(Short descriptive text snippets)
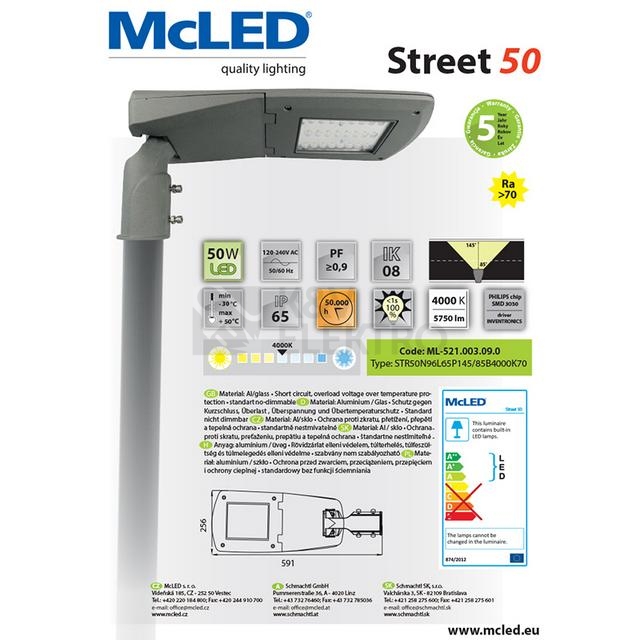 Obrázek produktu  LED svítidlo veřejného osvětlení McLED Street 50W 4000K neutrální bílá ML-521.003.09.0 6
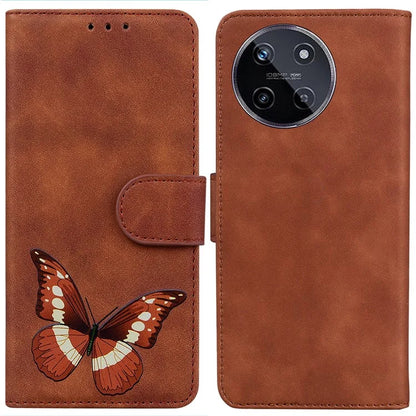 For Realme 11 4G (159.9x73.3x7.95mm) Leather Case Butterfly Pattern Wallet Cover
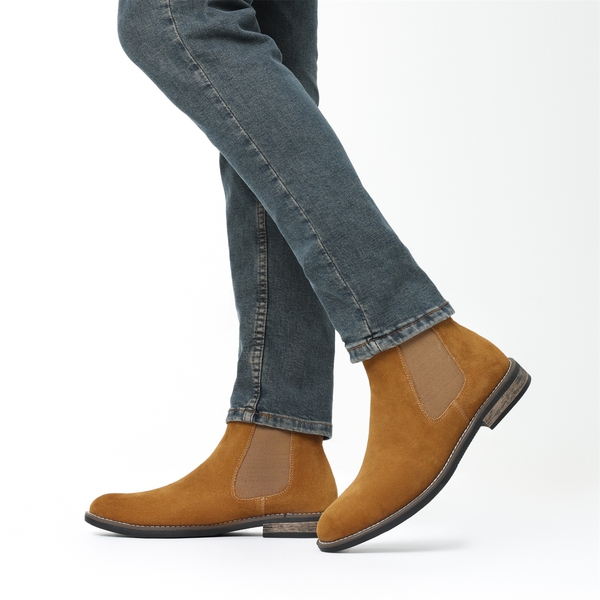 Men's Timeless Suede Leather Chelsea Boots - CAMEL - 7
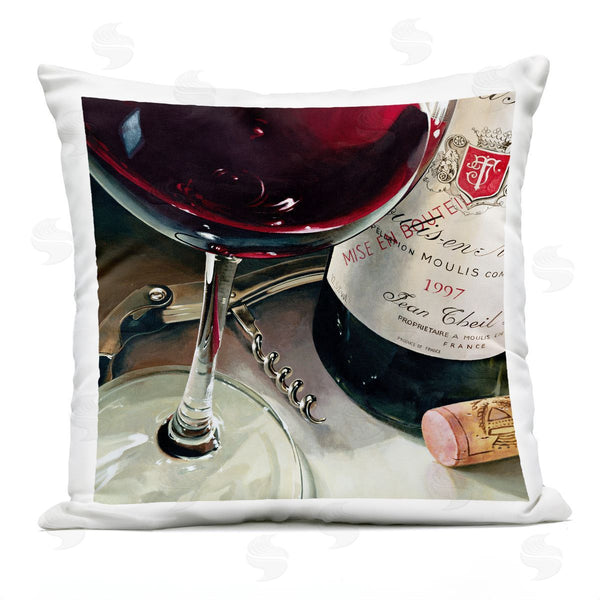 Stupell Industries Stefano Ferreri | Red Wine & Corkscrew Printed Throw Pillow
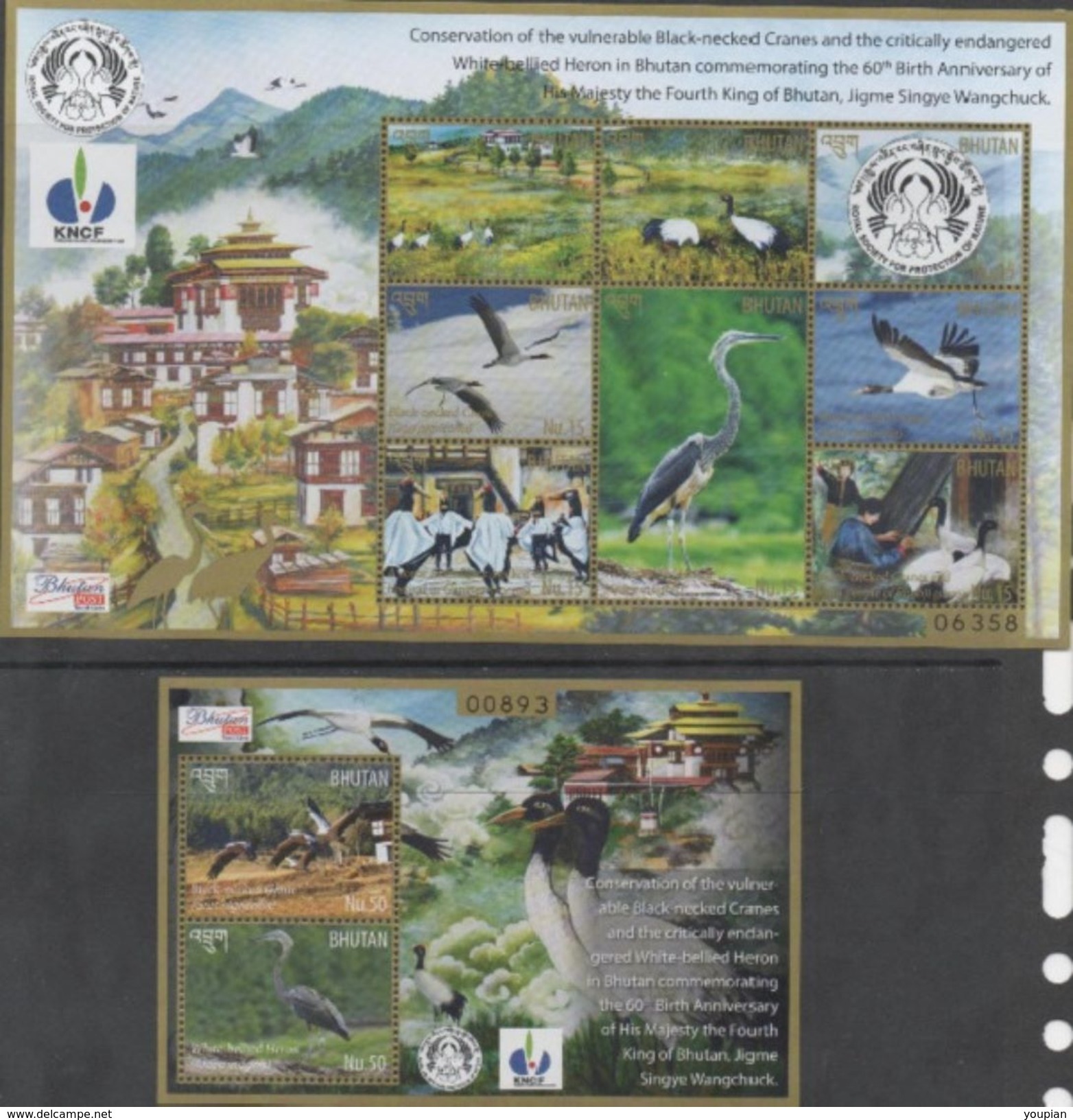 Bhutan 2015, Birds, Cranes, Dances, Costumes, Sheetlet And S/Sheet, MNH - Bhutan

### What the task asks
In the entries above, find the line containing "Men's Timeless Suede". Transcribe it and every later line to the end, exactly, and leave out the pictures.

### Response to this task
 Men's Timeless Suede Leather Chelsea Boots - CAMEL - 7
 Stupell Industries Stefano Ferreri | Red Wine & Corkscrew Printed Throw Pillow
 Bhutan 2015, Birds, Cranes, Dances, Costumes, Sheetlet And S/Sheet, MNH - Bhutan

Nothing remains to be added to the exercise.